I have a question as follows: Let $C$ be a closed curve in the Mobius band without self intersections. Prove that if $C$ is of non-zero homology, i.e., $C$ does not bound any face, then $C$ winds only once around the Mobius band.
The picture is clear, however I do not know how to prove it. Can someone help me?
Thanks a lot!
Let $\pi \colon M \to S^1$ denote the usual projection and let $C$ denote a non-zero homologous simple closed curve with no self intersections, i.e. an injective map $c$ from $S^1$ to $M$, which induces something non-zero on homology.
We can isotop $c$ s.th. $\pi \circ c$ is a covering of $S^1$ (This is not that hard, you just make the map locally injective by pushing half-circles in).

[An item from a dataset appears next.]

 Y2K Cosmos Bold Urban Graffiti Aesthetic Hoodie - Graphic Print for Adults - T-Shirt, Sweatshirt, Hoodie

We think of the Möbius band as a quotient of the square and assume further that $c$ is constant along a neighborhood of $\{1\} \times I$. The number $n$ of preimages of $1$ under $\pi \circ c$ is the absolute value of the degree in this case. Let's distinguish two cases: Firstly if $n$ is odd, we can isotop $c$ s.th the middle point in the preimage is exactly $([1],[1/2])$, but this gives us a contradiction if $n \geq 2$, because then it follows that the image is not connected, because there is no arc from the other points in the preimage to $([1],[1/2])$.
If $n$ is even we can isotop $c$ s.th. the outer two points in the preimages differ exactly by $1/2$, and this gives a contradiction if $n \neq 2$ regarding connectedness in a similiar way as the other case, because then there is no arc connecting the outer two points to the other point in the preimage.